**** Dataset section ****

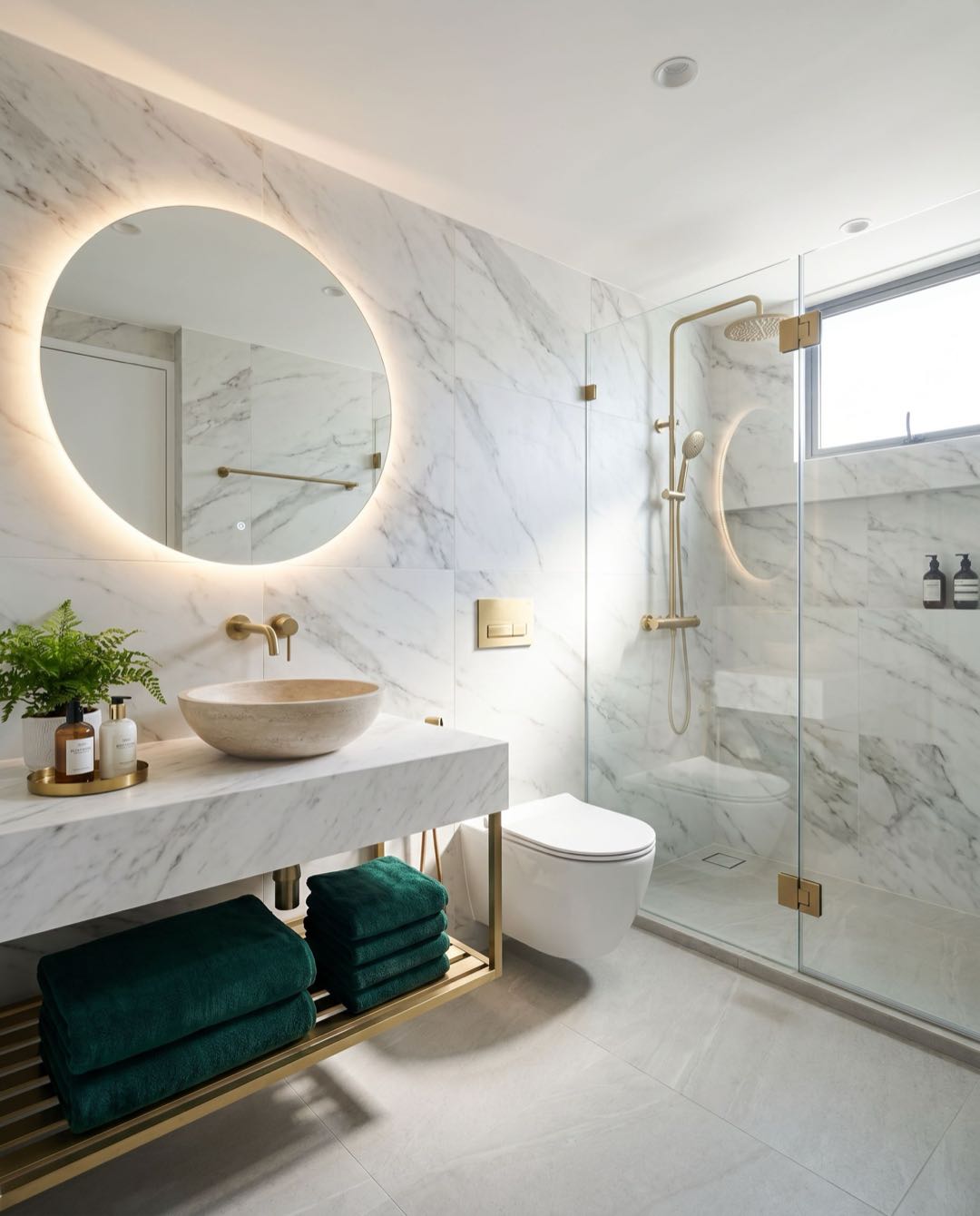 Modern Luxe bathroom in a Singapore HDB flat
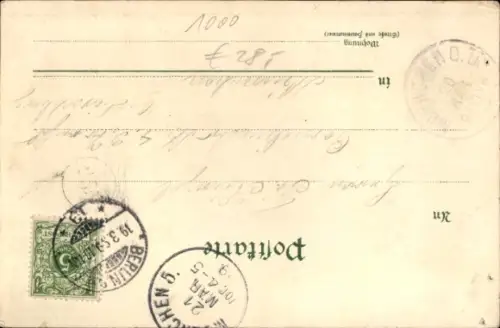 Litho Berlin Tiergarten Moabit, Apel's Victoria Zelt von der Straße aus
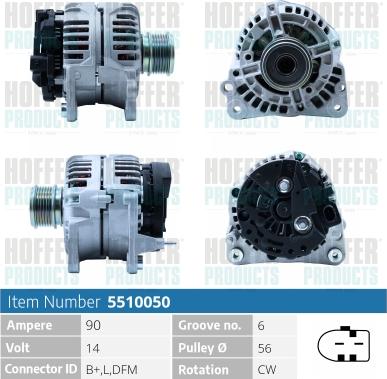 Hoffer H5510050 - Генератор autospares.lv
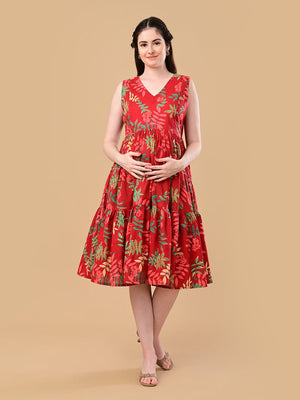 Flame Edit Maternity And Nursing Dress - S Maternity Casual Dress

****

▶ _What you need to do_:
From the line containing "Hoffer H5510050 - Генератор autospares.lv" to the end of the listing, restate each line word for word and nothing more; the pictures stay out.

▶ _Answer below_:
 Hoffer H5510050 - Генератор autospares.lv
 Flame Edit Maternity And Nursing Dress - S Maternity Casual Dress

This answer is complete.